Now is it good or bad to have such meetings? Surely anyone who wants to see the church grow will agree that it is good. If it is good, then it is good for Christians to attend them. It comes under the heading of good works. In Jas. 4: 17 the Holy Spirit warns: "Therefore to him that knoweth to do good, and doeth it not, to him it is sin." Since these meetings constitute good works it is sinful for Christians to neglect to attend them. When they fail to attend them they not only reveal a lack of spiritual appetite, but they refuse to do their duty.
To those who insist that they have done their full duty when they attend the public worship service on the Lord's day, these questions are directed: Jesus teaches that we are to love God with all our hearts, souls and minds. Is devoting one hour a week to the church evidence of such all-consuming love? Jesus, who is our example, said to His disturbed parents, "Wist ye not that I must be about My Father's business?" Is one hour out of 168 enough to be about our Father's business?

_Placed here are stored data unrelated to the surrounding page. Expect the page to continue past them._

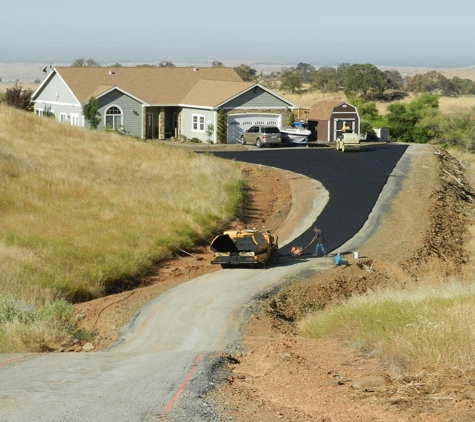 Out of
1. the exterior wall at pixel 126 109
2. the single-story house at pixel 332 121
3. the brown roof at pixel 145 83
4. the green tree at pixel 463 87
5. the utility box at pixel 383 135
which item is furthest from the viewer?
the green tree at pixel 463 87

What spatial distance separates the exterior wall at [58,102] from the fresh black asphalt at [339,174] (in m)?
12.6

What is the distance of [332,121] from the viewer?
62281mm

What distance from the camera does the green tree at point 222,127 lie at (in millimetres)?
57969

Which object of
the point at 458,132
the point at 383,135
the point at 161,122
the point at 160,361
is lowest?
the point at 383,135

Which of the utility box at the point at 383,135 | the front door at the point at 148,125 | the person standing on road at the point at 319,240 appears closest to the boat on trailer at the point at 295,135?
the front door at the point at 148,125

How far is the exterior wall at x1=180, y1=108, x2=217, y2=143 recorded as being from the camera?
58.4 meters

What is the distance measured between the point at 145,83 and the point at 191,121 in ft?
18.5

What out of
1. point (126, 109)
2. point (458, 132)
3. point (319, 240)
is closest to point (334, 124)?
point (458, 132)

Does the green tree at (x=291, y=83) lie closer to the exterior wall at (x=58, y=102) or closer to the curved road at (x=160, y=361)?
the exterior wall at (x=58, y=102)

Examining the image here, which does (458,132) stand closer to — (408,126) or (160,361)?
(408,126)

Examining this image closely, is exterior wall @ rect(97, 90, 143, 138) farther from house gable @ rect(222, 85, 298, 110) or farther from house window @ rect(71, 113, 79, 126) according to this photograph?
house gable @ rect(222, 85, 298, 110)

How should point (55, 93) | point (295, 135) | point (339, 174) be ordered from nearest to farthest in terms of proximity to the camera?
point (339, 174)
point (295, 135)
point (55, 93)

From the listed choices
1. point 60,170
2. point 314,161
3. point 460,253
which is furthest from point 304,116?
point 460,253

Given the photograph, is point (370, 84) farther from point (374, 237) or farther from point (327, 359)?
point (327, 359)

We are taught to present our bodies as living sacrifices. Do you present yourself as a living sacrifice 52 hours of the year, and then become dead to the service to God the remaining 8,684 hours of the year? We are taught to be fervent in spirit, serving the Lord. How much spiritual temperature does a man have when he ignores three-fourths of the meetings of the church? Is such a man seeking that he "may excell to the edifying of the church"? Is he abounding in the work of the Lord? Is he zealously affected always in good things? Does he take advantage of opportunities to do good unto all men, or has he become weary in well doing? Is he redeeming the time, wisely taking advantage of ever opportunity to understand what the Will of the Lord is?
Is he, by being zealous of good works, shining as a light in the world? Has he learned to maintain good works for necessary uses to that he may not be unfruitful? Does he avoid slothfulness by being diligent in the service of the Lord? Is he warding off apostasy by adding to faith the other Christian virtues? Is he contending earnestly for the faith once for all delivered unto the saints?
"Therefore, my beloved brethren, be ye stedfast, unmoveable, always abounding in the work of the Lord, forasmuch as ye know that your labor is not in vain in the Lord" (1 Cor. 15:58).
By Bonds Stocks in The Preceptor, Vol. 1, No. 6, April 1952.